For starters, St-Onge said, customers should use caution when they order coffee drinks, tea or other popular, sugary beverages straight from the menu at their favorite establishments because they already may contain empty calories. The ingredient substitutions and add-ons can only make matters worse.

“We’re talking about drinking calories, and liquid calories are often not very well compensated for at subsequent meals,” she said. “They tend to be calories that are tacked on above and beyond your general energy requirement, so they are often those that lead to weight gain.”

On its own – without added sugars or heavy creams – coffee is an excellent source of antioxidants, and regular consumption is associated with a host of health benefits, including a lower risk of Type 2 diabetes and Parkinson’s disease. Many of the recipes that have gone viral, however, suggest adding heavy cream and sometimes more than a dozen pumps of flavored syrups.

“Of course, we know that this isn’t healthy, and I don’t know if that’s also the intent, if that’s what’s making these drinks trendy,” said Maya Vadiveloo, an assistant professor in the department of nutrition and food sciences at the University of Rhode Island in Kingston. “Is it people who are trying to say, ‘This is just a delicious thing that I enjoy having when I’m feeling really, really decadent?’ Or is it something that they think, ‘This is my go-to drink of choice?'”

The trendy recipes aren’t only based on coffee drinks; some of the most popular off-the-menu requests this summer are based on fruit drinks, which also can be deceptively unhealthy, Vadiveloo said.

“There’s more of a ‘health halo’ around juice because people associate juice and fruit,” she said. “But again, we don’t compensate for calories from juice in the same way that we do with whole fruit. And when we just have juice, it takes away the fiber and some of the water content that helps keep you fuller, so you’re more likely to over-consume juice and sugar at once.”

A study last year in the Journal of the American Heart Association found women who drank one or more sugary beverages a day had an 18% higher risk of cardiovascular disease. Another study, from the AHA’s journal Circulation, found sugary drinks are associated with an increased risk of death from cardiovascular disease and, to a lesser extent, cancer.

If you have been trying out some extra-sweet recipes you’ve seen online – and if you’ve developed a sugary habit – it is possible to retrain your taste buds to appreciate a healthier version of your favorite beverage.

“You can wean yourself off,” St-Onge said. “If you’re starting off enjoying those eight pumps or 10 pumps, then start cutting.

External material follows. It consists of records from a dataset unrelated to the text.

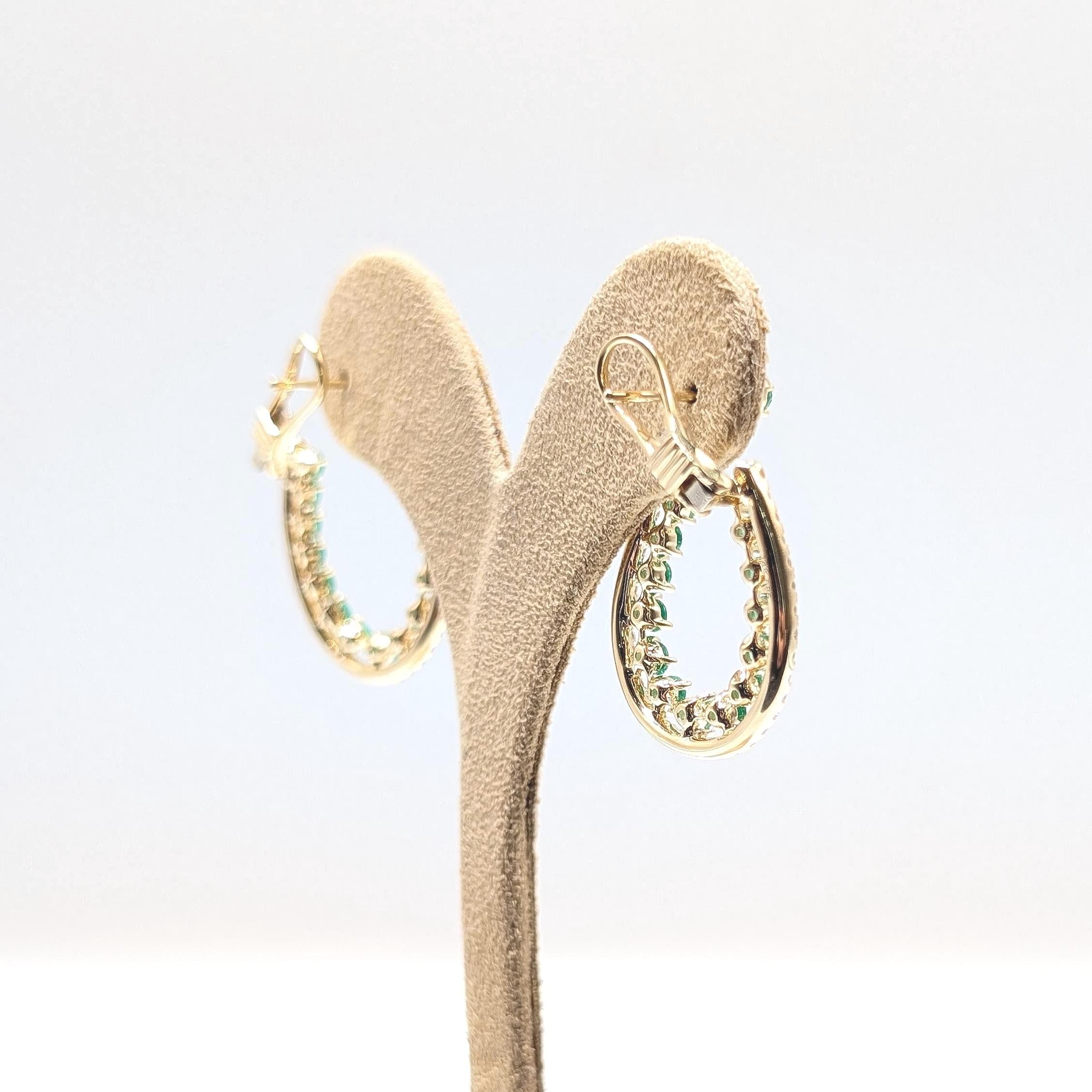 Luxurious Yellow Gold Earring with All Natural Diamonds and Emeralds (etsy image id: 6965517039)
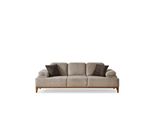 Dreisitzer Divano 3 Sitzer Polstersofa Beige Divano Moderno Jvmoebel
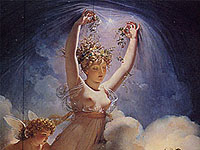 The goddess of the dawn, pushing away the night sky like a curtain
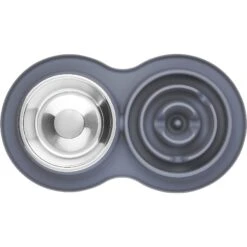 Frisco Silicone Stainless Steel Double Diner Slow Feeder Dog & Cat Bowl, Grey, 3 Cup -Cozy Paws 277549 PT4. AC SS1800 V1627935299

Go from eight to six, and then six to four, and then four to three and see just how low you could go.

“You could train yourself to cut back, and if you do so gradually, it doesn’t seem so painful.”

Of all the unhealthy additions helping drink recipes go viral, perhaps the most dangerous ingredient is FOMO, the fear of missing out.

“Many of these drinks are things that people consume pretty frequently, on top of already not eating a heart-healthy diet, and then they sort of are made glamorous by the ‘secret menu’ and some of the other consumer psychology tricks that people use,” Vadiveloo said. “Like a fear of missing out: ‘If I don’t know about the secret menu, or if I don’t try this pink drink, I’m somehow less popular.’ But these are really not part of a healthy diet.

“If it sounds too good to be true, it usually is.”